Negligent homicide is another, separate homicide offense.  Being charged with negligent homicide does not mean you have been charged with murder or manslaughter.  Under Utah Code § 76-6-206, a person is charged with negligent homicide when he or she allegedly causes another person’s death through actions that constitute “criminal negligence.”

Negligence is a legal concept which often arises in civil matters, such as personal injury lawsuits.  However, “simple” negligence is different from criminal negligence, which is a key element of negligent homicide.

Utah defines simple negligence as “failing to exercise [the level] of care which reasonable and prudent persons [would] exercise under… similar circumstances.”  A person acts with criminal negligence when he or she “should be aware that [his or her] conduct creates a substantial and unjustifiable risk that [death or injury] will occur.”  The term “conduct” can describe taking the wrong action (such as accelerating a vehicle), or failing to take the correct action (such as failing to brake or turn).

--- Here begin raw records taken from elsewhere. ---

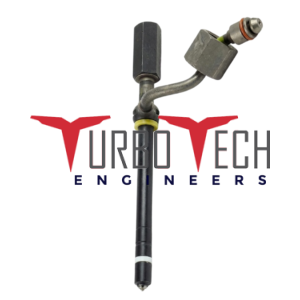 pencil-fuel-injector-101-0060-115-3354-10r0407-for-cat-engine-3208-dita-435hp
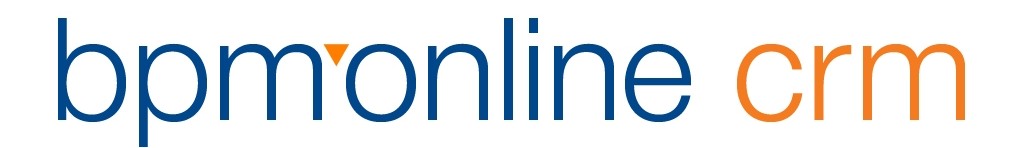 BPMonline CRM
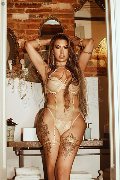 Foto Dafne Pornostar Incontri Transescort Napoli - 42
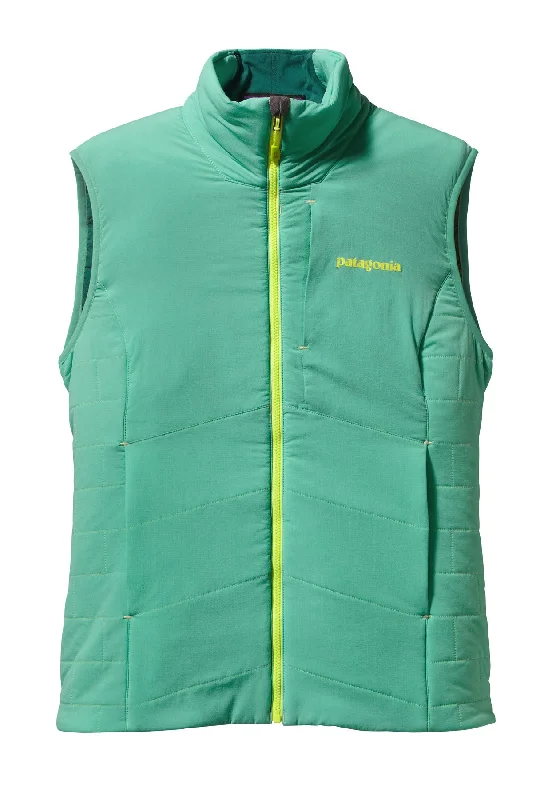 Women's Nano-Air® Vest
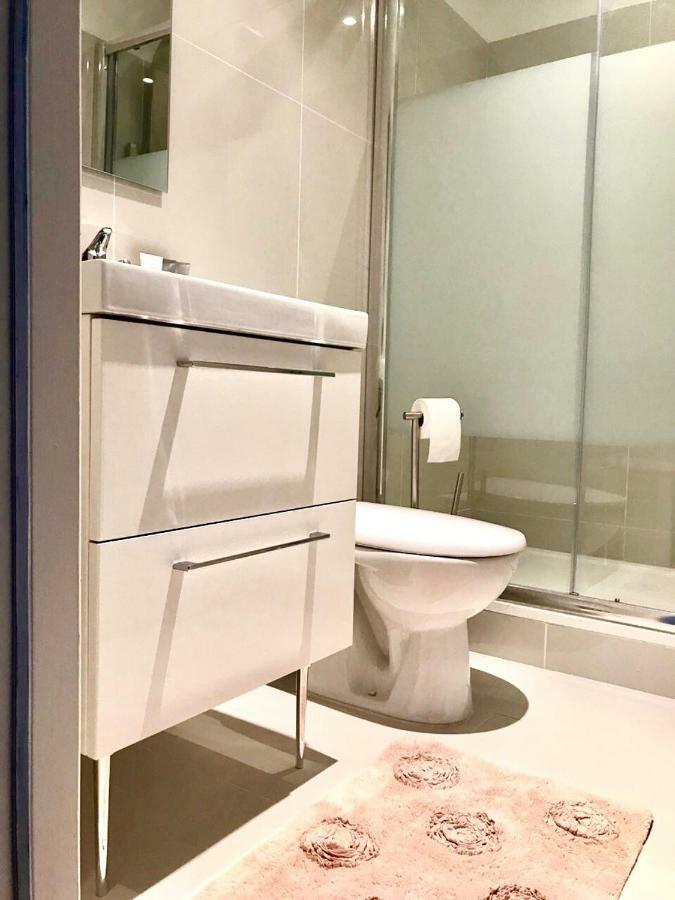 Apartament Petit Reve LʼIsle-sur-la-Sorgue Zewnętrze zdjęcie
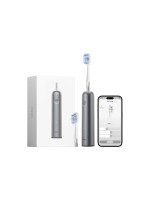 Laifen Brosses à dents électrique Wave Pro Gris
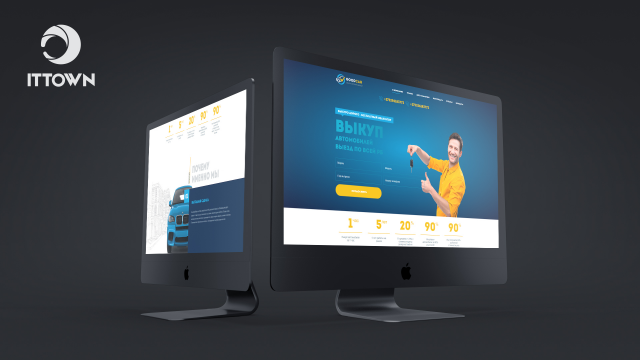 Работа 3348447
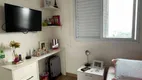 Foto 21 de Apartamento com 3 Quartos à venda, 100m² em Água Branca, São Paulo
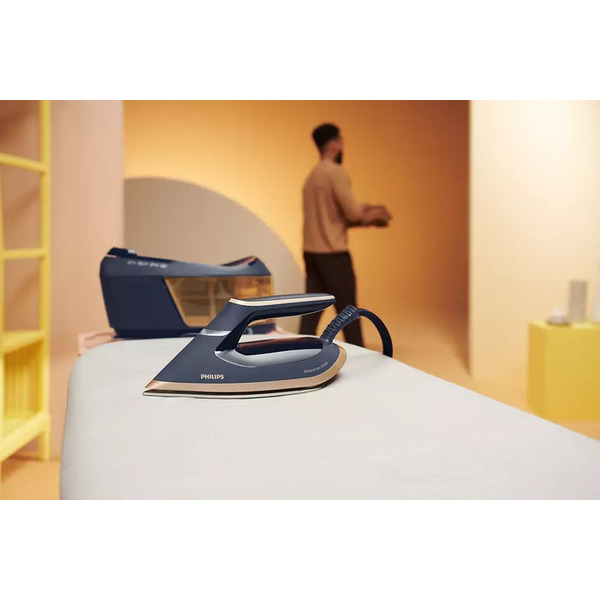 Праска Philips PerfectCare 6000 PSG6066/20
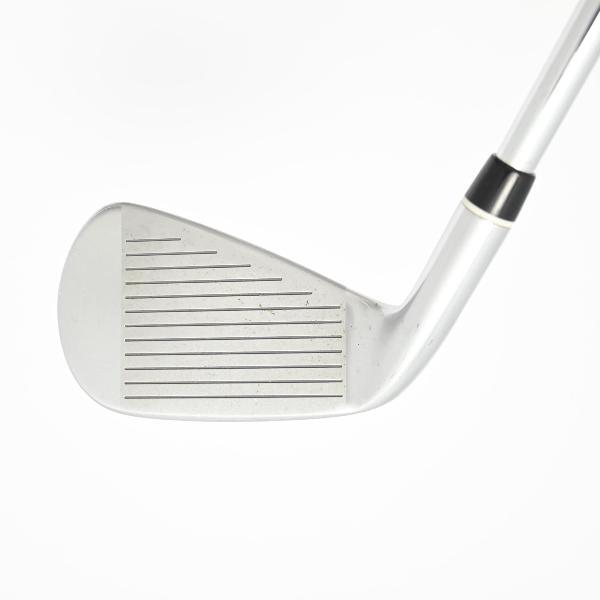 Fourteen TC-544 Irons 5-PW (6pc) — NS PRO 950GH S — Japan Model, Used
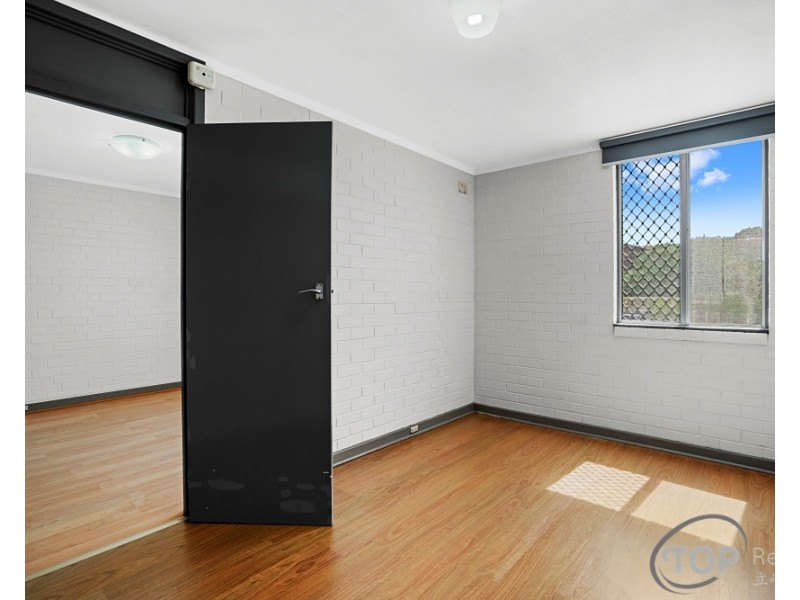 Unit 3/69 Leonard Street, Victoria Park WA 6100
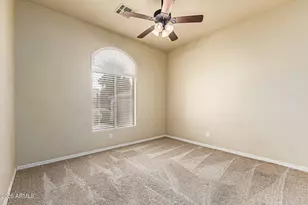 26842 N 66th Ln, Phoenix, AZ 85083 - Photo 19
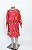 CAMISOLA ML KIDS ECO CAPI - Imagem 1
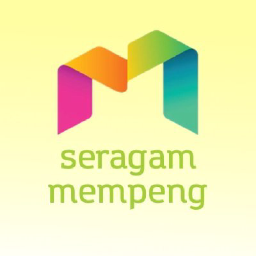 Mempeng Pilar Kreasi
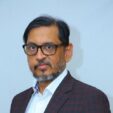 KK Gupta, Facctum | FF News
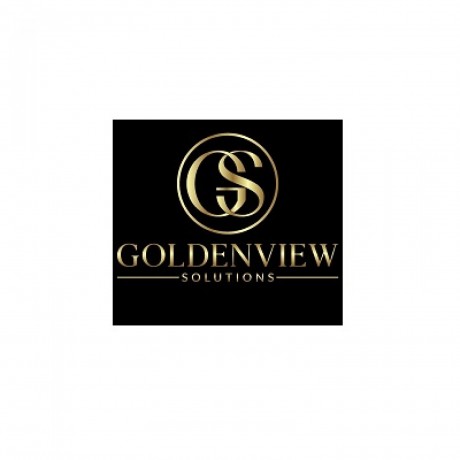 goldenview-solutions-big-0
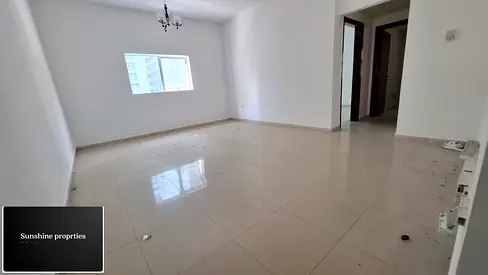 Hot Offer One Bedroom Apartment Neat and clean not deposit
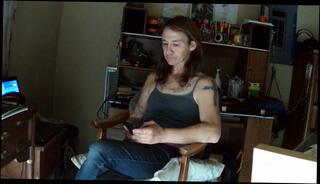 Video 1260766503: gay love solo masturbation, gay solo male masturbation, horny solo masturbation, horny amateur solo, solo masturbation toy, solo toying ass, solo toy fucking, daddy solo male, petite solo amateur, lust solo, eating solo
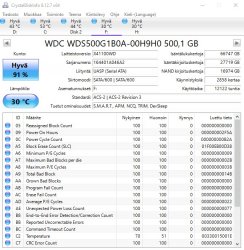 WD 500gb.jpg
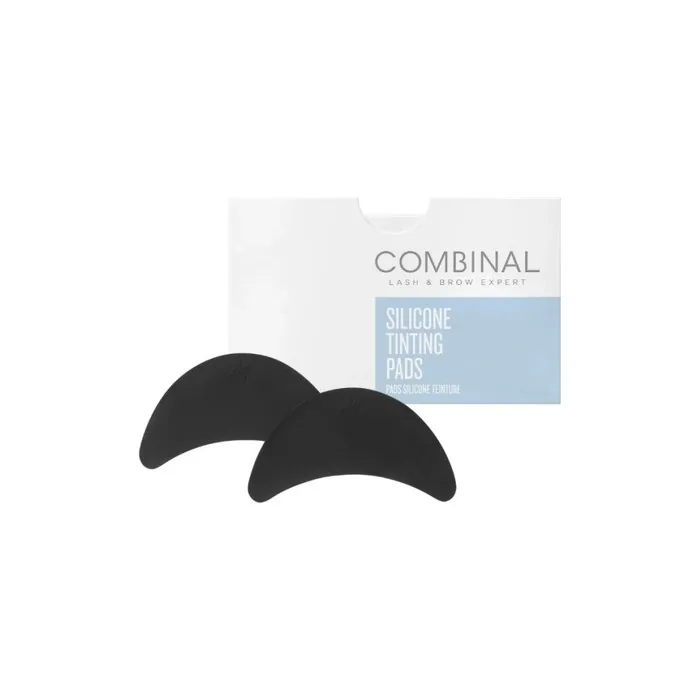 Perron Rigot Combinal Silicone Tinting Patch
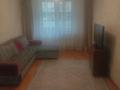 1-бөлмелі пәтер · 40.4 м² · 3/9 қабат, Асыл Арман, бағасы: 20 млн ₸ в Иргели — фото 2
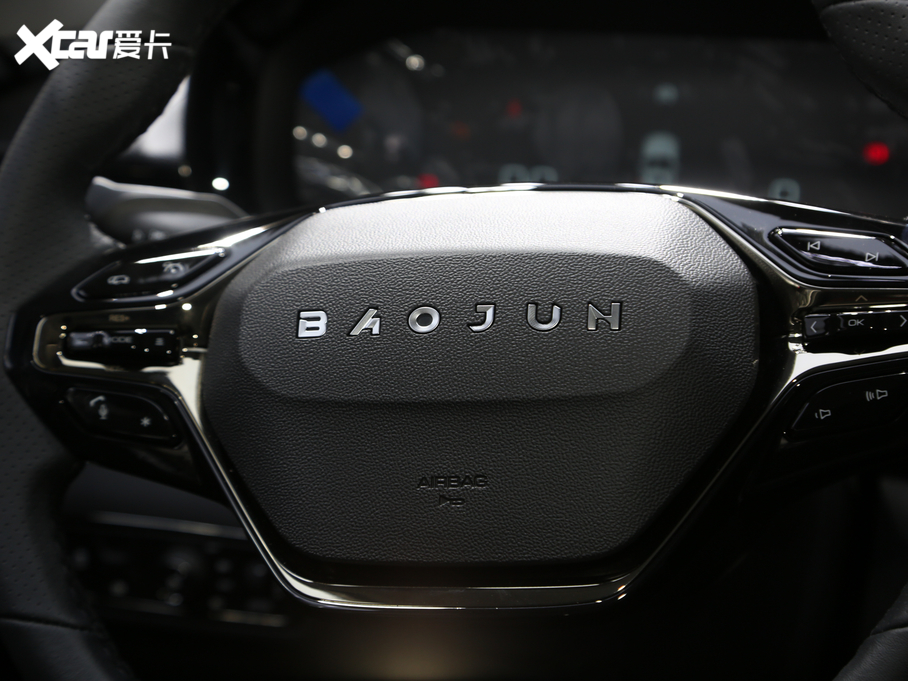 2020ERC-5W 1.5T CVTҫ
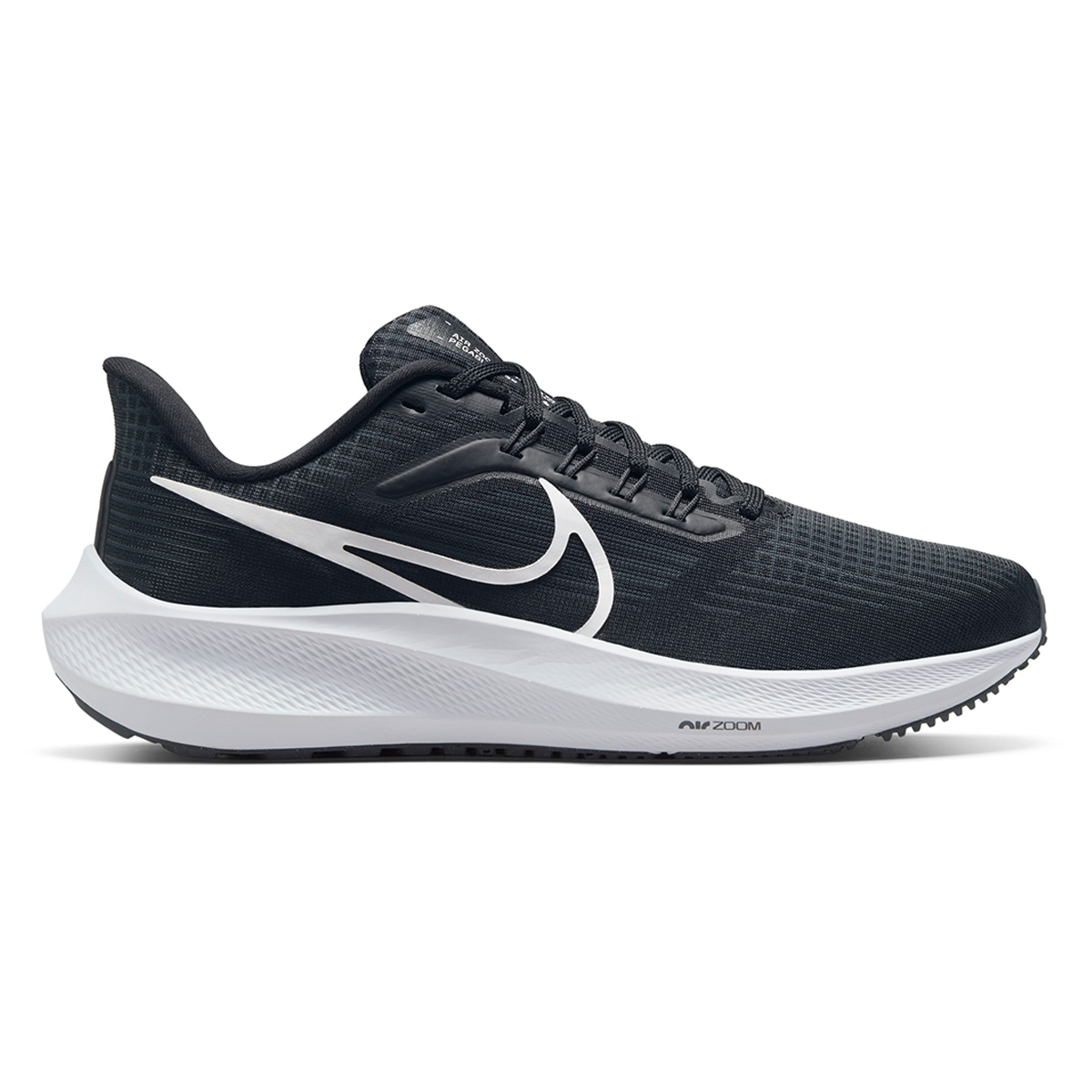Zapatilla zoom hot sale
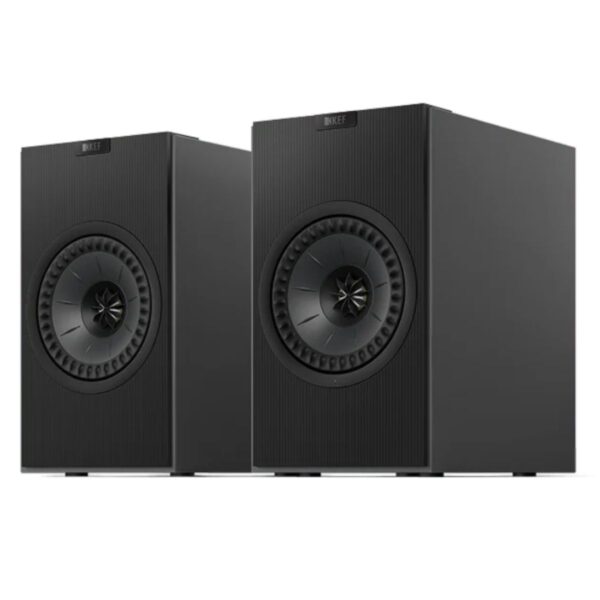 KEF CODA W - Imagen 8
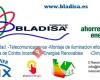 Instalaciones Bladisa S.L.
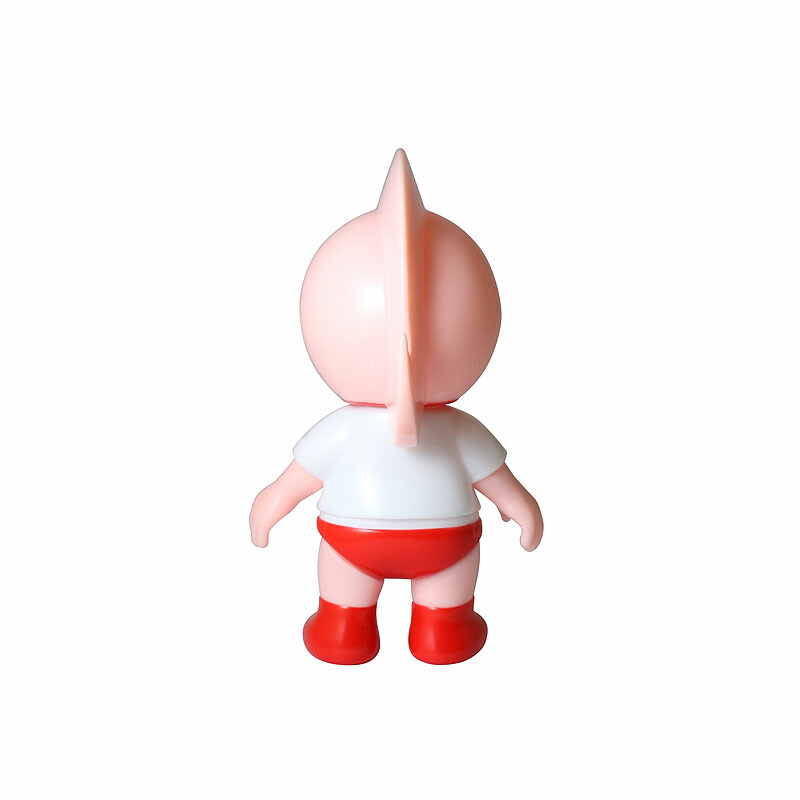 楽天市場】【キン肉マン】FIVESTAR TOY/ NSCアレキサンドリア・ミート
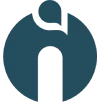 iSmartRecruit logo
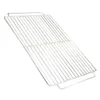 bbq fish grill rack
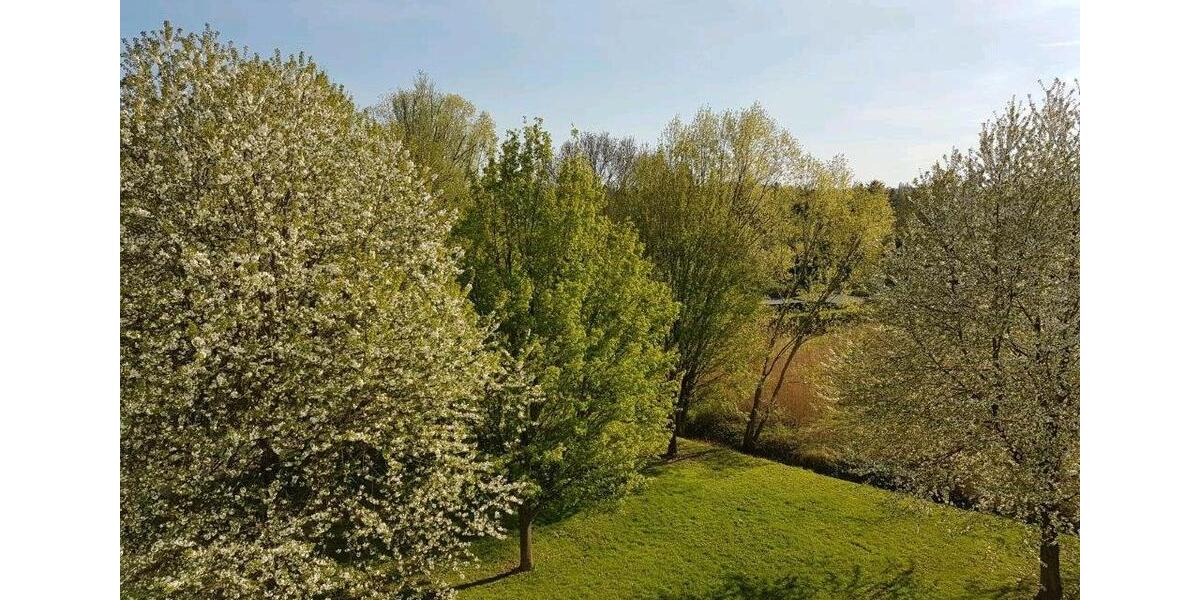 Etagenwohnung Dresden Prohlis - 4 Zimmer, 76 m&sup2;, 180.000&euro; | Angebot:27193284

The prosecutor does not need to prove that the defendant was actually aware of the risk; only that the defendant should have been aware, considering the circumstances.  CR 306A states, “The nature and extent of the risk must be of such a magnitude that failing to perceive it is a gross deviation from what an ordinary person would perceive in that situation,” which means the prosecutor must prove that the defendant’s failure to be aware of the hazard was unreasonable in the context of the situation — put simply, that the defendant should have known better.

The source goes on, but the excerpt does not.